The Tet Offensive (Tết Mậu Thân)

The Tet Offensive
Table of Contents

Hanoi's Plan


In Hanoi the Third Party Congress of September 1960 ratified the previous year's decisions to intensify the struggle. Le Duan, one of four southern Vietnamese in the new politburo, and former secretary of the central committee's southern directorate, is seated front row left next to Ho Chi Minh.
(Douglas Pike Photograph Collection [va005438])
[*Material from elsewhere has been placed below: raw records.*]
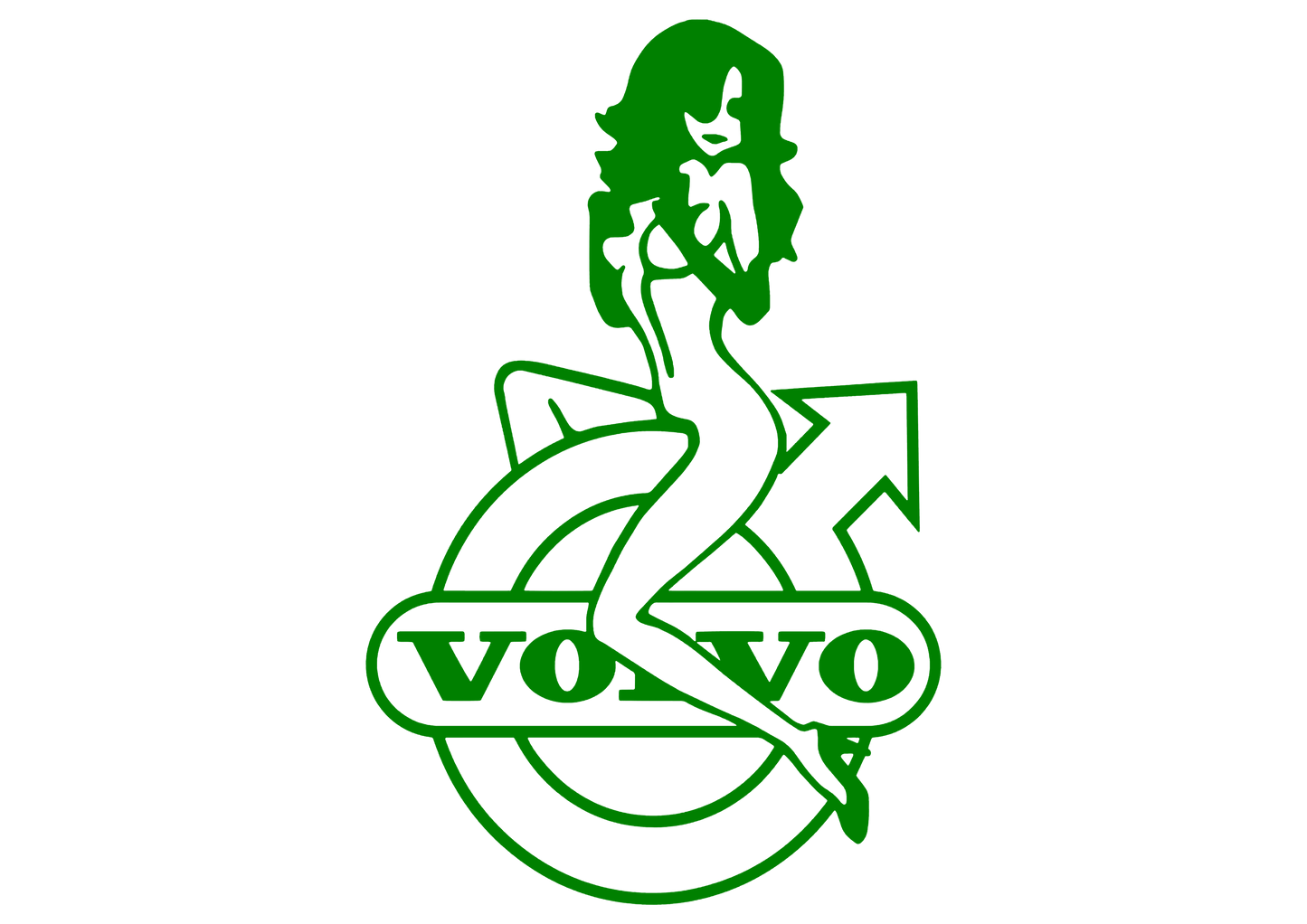 Sticker - VOLVO GIRL 4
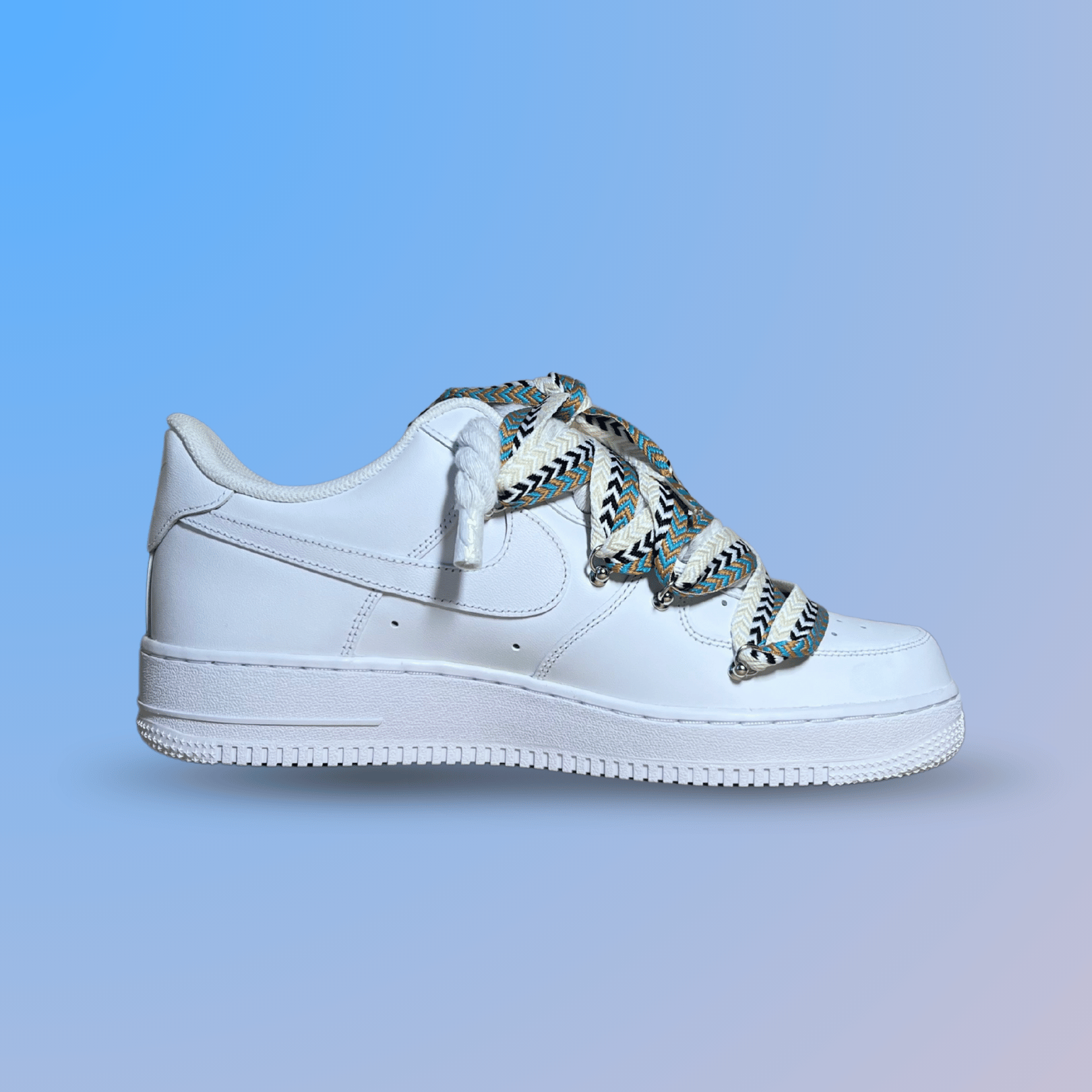 Nike Air Force 1 Lanvin Rope Lace Brown Beige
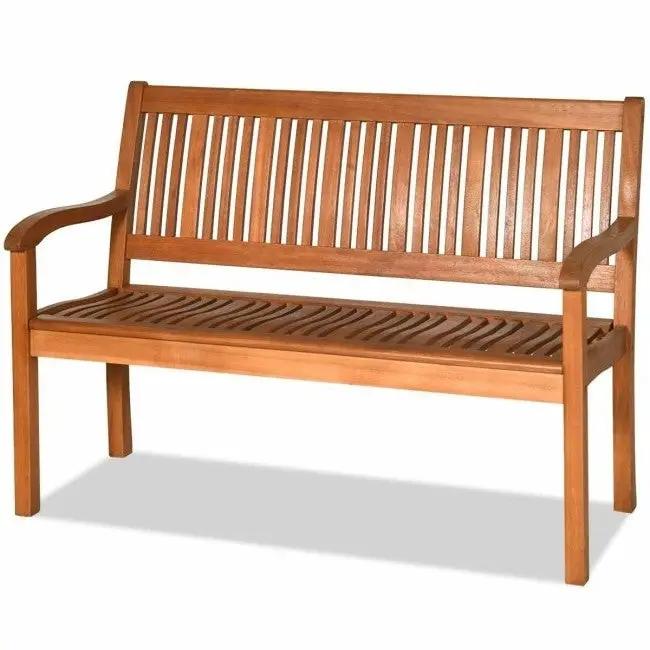 FarmHome Slatted 2 Seater Garden Eucalyptus Bench by HomePacific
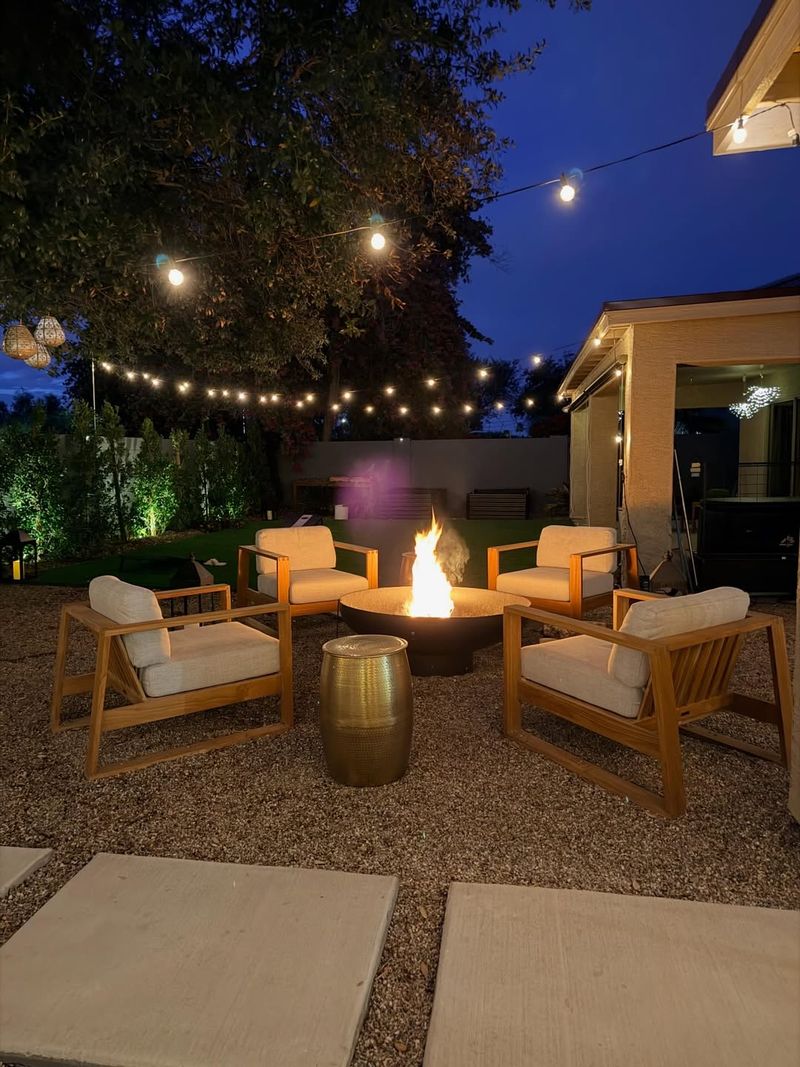 Use Warm, Shielded Lights For Soft Desert Evenings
Hanoi’s plan for the Tet Offensive consisted of three separate phases. In the first phase of the offensive, communist forces would draw American units into battles in remote areas of South Vietnam to lure them away from the heavily-populated areas of the country so that communist forces would not have to contend with them during the coming Tet Offensive. In executing this phase of the offensive, North Vietnamese forces initiated several large-scale and bloody engagements in the summer and fall of 1967, which came to be known as the Border Battles, in places such as Dak To and Con Thien. Also of particular importance was the January 1968 build-up of NVA forces around Khe Sanh, a remote US Marine base located in Quang Tri Province, (South Vietnam’s northernmost province) near the Laotian border. Once American forces were committed to these battles, the Viet Cong would initiate the second stage of the Tet Offensive, which consisted of positioning approximately 85,000 fighters to commence the assault on the urban areas of South Vietnam. In many cases, Viet Cong soldiers infiltrated the cities of South Vietnam by posing as holiday travelers from the countryside, coming to places like Saigon and Hue to visit family members. The third phase of the offensive was the assault itself. Though the communists struck more than one hundred towns and cities during the Tet Offensive, much of their focus was centered on the South Vietnamese capital of Saigon and the old imperial capital of Hue. Both of these cities had been largely spared up to this point in the war, but during the Tet Offensive, the communists brought the horrors of the Vietnam War to both of those cities, as well as dozens of others.